Evaluate the following \begin{align*} \int_{0}^{\pi} \int_{0}^{\pi/3} \int_{\sec \phi}^{2} 5\rho^2 \sin(\phi) \mathrm d\rho \mathrm d\phi \mathrm d\theta \end{align*}
Attempt at solution: We have \begin{align*} 5 \int_{0}^{\pi} d\theta \int_{0}^{\pi/3} \sin(\phi) \ d\phi \Big[\frac{8}{3} - \frac{\sec^3 \phi}{3} \Big] \\ = \frac{40}{3} \int_{0}^{\pi} d\theta \int_{0}^{\pi/3} \sin(\phi) \ d\phi - \int_{0}^{\pi/3} \sin(\phi) \sec^3 (\phi) \ d\phi \\ = \frac{40}{3} \int_{0}^{\pi} d\theta \big[-\cos(\pi/3) +1 \big] - \int_{0}^{\pi/3} \tan(\phi) \sec^2 (\phi) d\phi \end{align*}
The expression to the left of the minus sign becomes $\frac{40}{3}\int_{0}^{\pi} d\theta \frac{1}{2} = \frac{40 \pi}{6}$. For the expression on the right side we let $\tan (\phi) = u$. If we adapt the integration bounds, that integral then simplifies to $\int_{0}^{\sqrt3} u \ du$., which equals $3/2$.

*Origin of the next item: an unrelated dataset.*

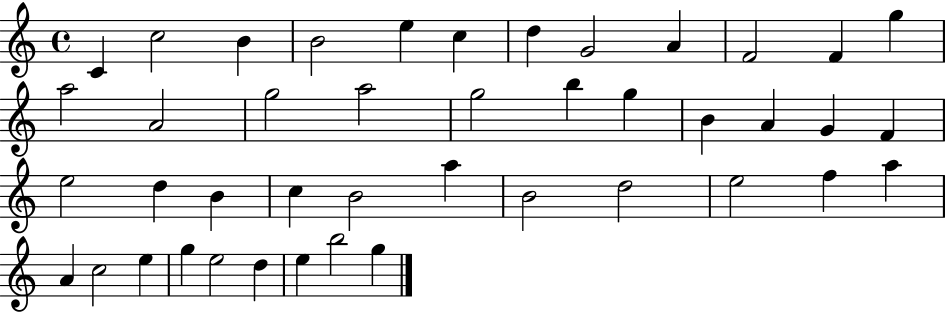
C4/q C5/h B4/q B4/h E5/q C5/q D5/q G4/h A4/q F4/h F4/q G5/q A5/h A4/h G5/h A5/h G5/h B5/q G5/q B4/q A4/q G4/q F4/q E5/h D5/q B4/q C5/q B4/h A5/q B4/h D5/h E5/h F5/q A5/q A4/q C5/h E5/q G5/q E5/h D5/q E5/q B5/h G5/q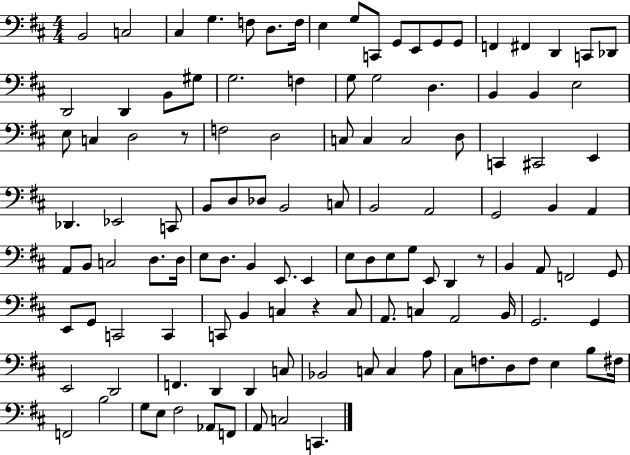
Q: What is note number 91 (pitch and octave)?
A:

So the final answer is $\frac{40 \pi}{6} - 3/2$. This is what I answered, and the online learning platform (where I encountered this integral) said it was wrong. So where did I go wrong?
Any help would be appreciated.
Edit: I'll try again from second step. \begin{align*} \frac{5}{3} \Big[ \int_{0}^{\pi} d\theta \int_{0}^{\pi/3} 8 \sin(\phi) d\phi - \int_{0}^{\pi/3} \sin(\phi) \sec^3 (\phi) \Big] \\ =\frac{40}{3} \int_{0}^{\pi} d\theta \int_{0}^{\pi/3} \sin(\phi) d\phi - \frac{5}{3} \int_{0}^{\pi/3} \tan(\phi) \sec^2 (\phi) d\phi \\ = \frac{40 \pi}{6} - (\frac{5}{3} \cdot \frac{3}{2}) = \frac{40 \pi - 15}{6} \end{align*}
Why the $\frac{40}{3}$? That's your mistake.
Edit: Did you separate the integrals in that step? In this case you forgot to multiply the RHS one by $\pi$ and $5$. Moreover you forgot the $\frac{1}{3}$.